Out of a world population of 9 or so billion, that 15 million is very modest, so suspect as being called "pivotal". Plus many other nations did not have the "advantage" of our Warp Speed vaccine development, so had to live with gaining herd immunity as with many past major plagues. Still a lot of questions and issues surfaced by the pandemic, but probably not with long term impact [except for our failures to date to use this experience to better prepare for the next one!]
We’ll see. I assist on a Substack that tracks those who “died suddenly” each week (News From Underground) and it’s not looking good. The 15 million excess deaths is a lowball, and there's so much lying and gaslighting it’s hard not to believe an evil agenda is underway.

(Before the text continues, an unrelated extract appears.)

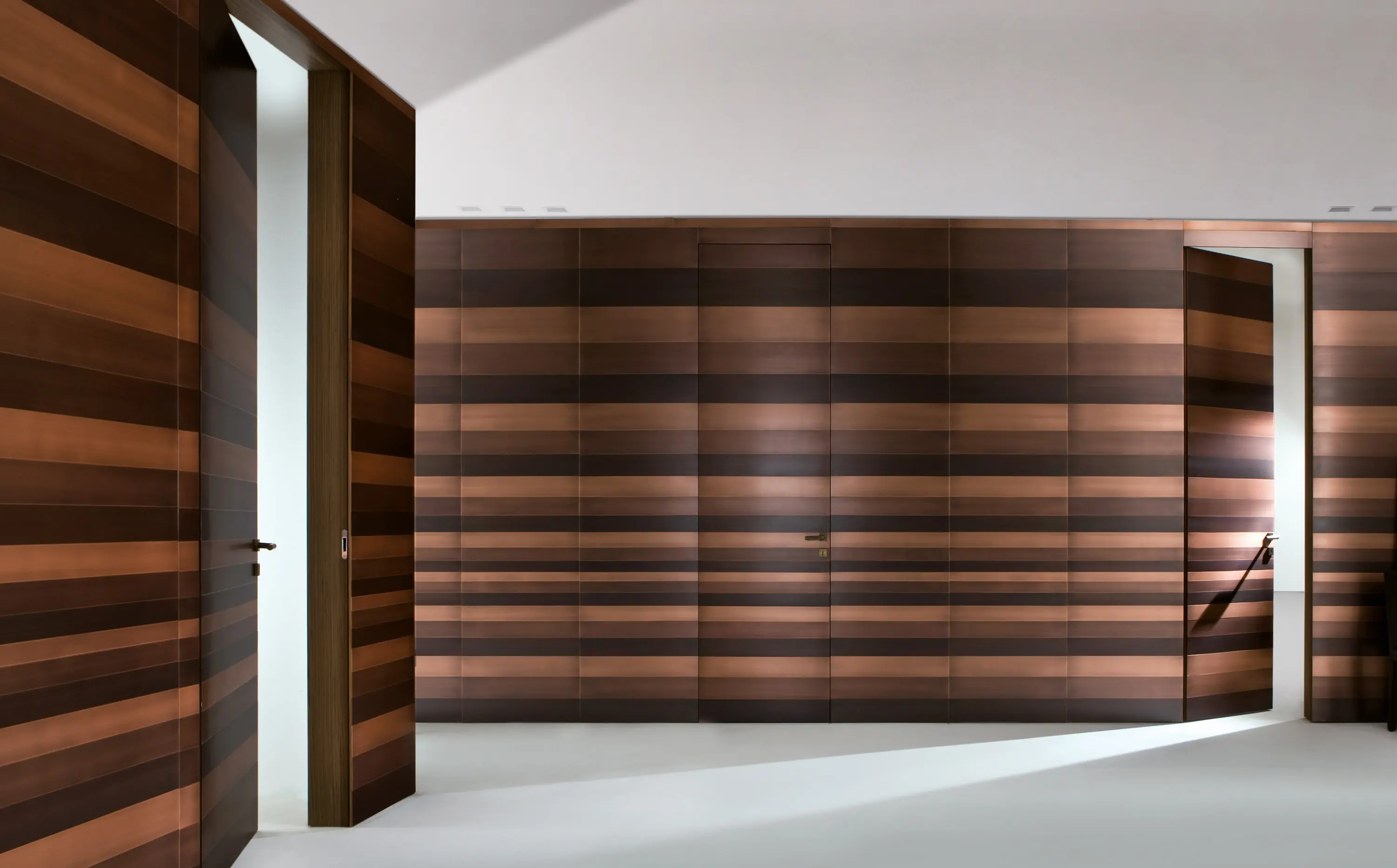 Laurameroni - Stars | Hinged Door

While I am not a psychologist, actually it IS "hard to believe an evil agenda is underway". Certainly a single pyschopath, or a group of maybe 5 psychopaths might get together and lauch some evil plan, but it is much more likely to have a lot of indoctrinated idiots and/or some mass pyschosis to explain how so many could be mistaken or deluded or just plain stupid. Same thing seems to apply to the "climate catastrophe" crowd wanting to dismantle the use of fossil fuel [which Michael has shown is a central step/stage to achieving mass progress].
I don't think the global warming hysteria qualifies as one of Magoon's pivotal events/episodes, but now that the idiocy is beginning to abate, folks will look back and wonder just how so many could have adopted or pursued such a feeblely supported "science" project. But the real "crime" is the misplaced emphasis on renewables beyond prototype and pilot explorations/installations, by which time the real cost/benefit tradeoffs should have been discovered and promulgated. We have lost/ wasted a big pot of money, time, and talent better spent moving towards a core nuclear energy based society, perhaps with electric and/or natural gas for some segments of transportation and industrial useages. [See my above comment about a gallon of gas :-) ]
OK, let's try to keep the commenting to the topic of the post.